How Israel makes money from "the war on terror"

How war was turned into a brand


Political chaos means Israel is booming like it's 1999 - and the boom is in defence exports field-tested on Palestinians

Naomi Klein
Saturday June 16, 2007
The Guardian
...

Here's another theory. Israel's economy isn't booming despite the political chaos that devours the headlines but because of it. This phase of development dates back to the mid-90s, when the country was in the vanguard of the information revolution - the most tech-dependent economy in the world. After the dotcom bubble burst in 2000, Israel's economy was devastated, facing its worst year since 1953. Then came 9/11, and suddenly new profit vistas opened up for any company that claimed it could spot terrorists in crowds, seal borders from attack, and extract confessions from closed-mouthed prisoners.

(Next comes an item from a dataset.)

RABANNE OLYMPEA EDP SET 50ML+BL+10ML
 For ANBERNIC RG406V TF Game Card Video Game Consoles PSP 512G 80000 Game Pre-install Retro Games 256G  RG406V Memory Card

Within three years, large parts of Israel's tech economy had been radically repurposed. Put in Friedmanesque terms, Israel went from inventing the networking tools of the "flat world" to selling fences to an apartheid planet. Many of the country's most successful entrepreneurs are using Israel's status as a fortressed state, surrounded by furious enemies, as a kind of 24-hour-a-day showroom, a living example of how to enjoy relative safety amid constant war. And the reason Israel is now enjoying supergrowth is that those companies are busily exporting that model to the world.

Discussions of Israel's military trade usually focus on the flow of weapons into the country - US-made Caterpillar bulldozers used to destroy homes in the West Bank, and British companies supplying parts for F-16s. Overlooked is Israel's huge and expanding export business. Israel now sends $1.2bn in "defence" products to the United States - up dramatically from $270m in 1999. In 2006, Israel exported $3.4bn in defence products - well over a billion more than it received in American military aid. That makes Israel the fourth largest arms dealer in the world, overtaking Britain.

Much of this growth has been in the so-called homeland security sector. Before 9/11 homeland security barely existed as an industry. By the end of this year, Israeli exports in the sector will reach $1.2bn, an increase of 20%. The key products and services are hi-tech fences, unmanned drones, biometric IDs, video and audio surveillance gear, air passenger profiling and prisoner interrogation systems - precisely the tools and technologies Israel has used to lock in the occupied territories.